Lecture 10 Solutions: Doppler Effect & Telescopes

Practice Problem Solutions

Solutions to the Lecture 10 practice problems.

Author

Dr. Anna Rosen

Published

February 23, 2026

Note

Student note: These are model solutions written to show every step, units, and checks. I do not expect your work to be this detailed; shorter solutions are fine if your setup, units, and reasoning are correct.

HW note: Homework uses only a subset of these problems; the full set is included for future study and self-checking.

Core Problems

Problem 1: Doppler Calculation (Sodium D Line)

Restatement: Calculate a star’s radial velocity from the shift in its sodium D line.

Given:

Rest wavelength: \(\lambda_0 = 589.0\) nm
Observed wavelength: \(\lambda_{\text{obs}} = 589.2\) nm
Speed of light: \(c = 3 \times 10^5\) km/s

Find: Radial velocity \(v\) in km/s; approaching or receding?

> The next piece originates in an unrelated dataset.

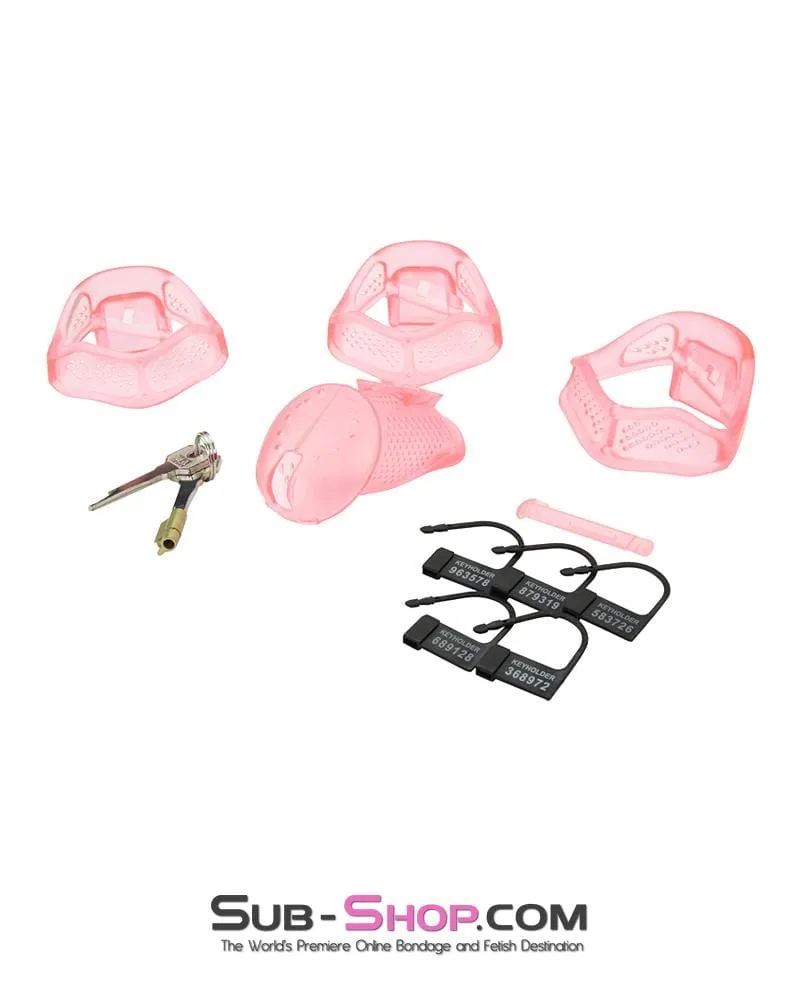 2463AR      Mistresses Sissy Slave Pink High Security Pin Tumbler Ventilated Male Chastity Device with Numbered Plastic Locks - MEGA Deal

Equation: \[\frac{\Delta\lambda}{\lambda_0} = \frac{v}{c}\]

where \(\Delta\lambda = \lambda_{\text{obs}} - \lambda_0\).

Solution:

Step 1 — Calculate the wavelength shift:

\[\Delta\lambda = 589.2 \text{ nm} - 589.0 \text{ nm} = 0.2 \text{ nm}\]

Since \(\Delta\lambda > 0\) (wavelength increased), the light is redshifted → star is receding.

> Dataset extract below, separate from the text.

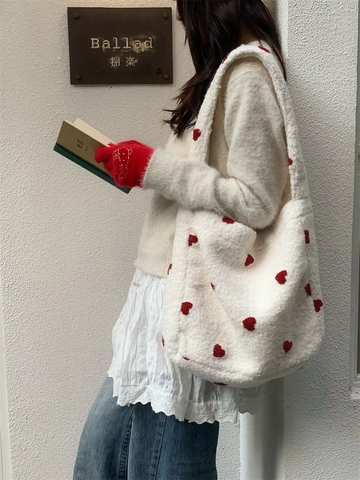 Borsa A Spalla In Peluche Da Donna Tote In Ecopelliccia Di Agnello Grande Capacità Invernale Floreale Cuore Casual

Step 2 — Calculate the velocity:

\[v = c \times \frac{\Delta\lambda}{\lambda_0} = (3 \times 10^5 \text{ km/s}) \times \frac{0.2 \text{ nm}}{589.0 \text{ nm}}\]

\[v = (3 \times 10^5 \text{ km/s}) \times 3.40 \times 10^{-4} = 102 \text{ km/s}\]

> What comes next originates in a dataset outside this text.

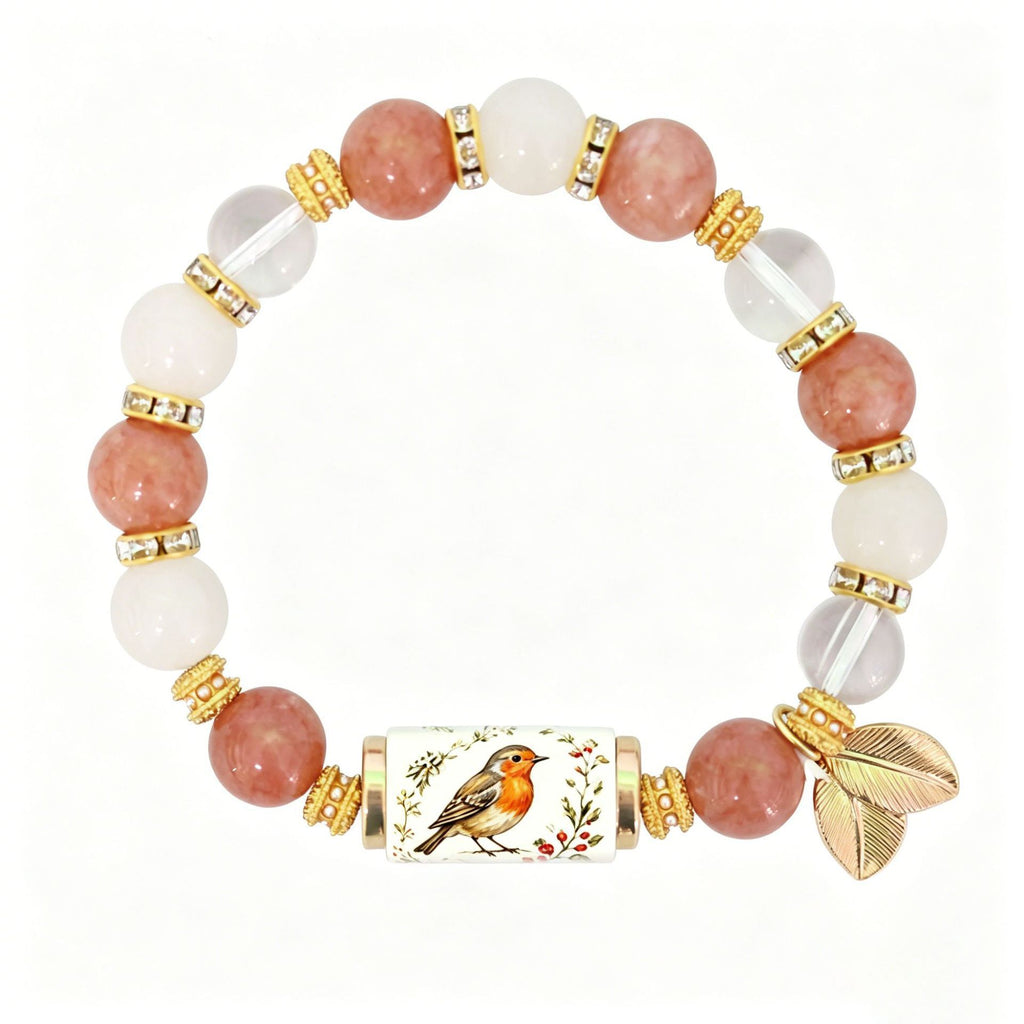 Nature Print Tube Bead Bracelet with Dangle Charm - C1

Unit check: \(\text{km/s} \times \frac{\text{nm}}{\text{nm}} = \text{km/s}\) ✓ (the nm units cancel in the ratio)

Sanity check: Typical stellar radial velocities range from a few km/s to a few hundred km/s. Our answer of 102 km/s is within this range. The shift (0.2 nm out of 589 nm) is small, consistent with non-relativistic motion. ✓

Answer: \(v \approx 102\) km/s, receding (redshifted).

What you should learn from this: The Doppler formula is a ratio: \(v/c = \Delta\lambda/\lambda_0\). The key is recognizing that positive \(\Delta\lambda\) (longer wavelength) means redshift (receding), and negative \(\Delta\lambda\) means blueshift (approaching). Always use the rest wavelength in the denominator.

Problem 2: Radial vs. Transverse Motion

Restatement: A star moves at 50 km/s entirely perpendicular to our line of sight. What Doppler shift do we measure?

Answer: We measure zero Doppler shift.

The Doppler effect measures only the radial velocity — the component of motion along the line of sight (toward or away from us). If the star moves entirely perpendicular to our line of sight (transverse motion), there is no component along the line of sight, so \(v_{\text{radial}} = 0\) and \(\Delta\lambda = 0\).

We would detect the star’s transverse motion as proper motion — a slow change in position on the sky over years or decades — but not as a wavelength shift.

Key distinction:

Radial velocity (toward/away from us) → measured by Doppler shift
Transverse velocity (across the sky) → measured by proper motion (change in position over time)
Space velocity = total 3D velocity = \(\sqrt{v_{\text{radial}}^2 + v_{\text{transverse}}^2}\)

The star’s full space velocity is 50 km/s, but the Doppler effect sees none of it.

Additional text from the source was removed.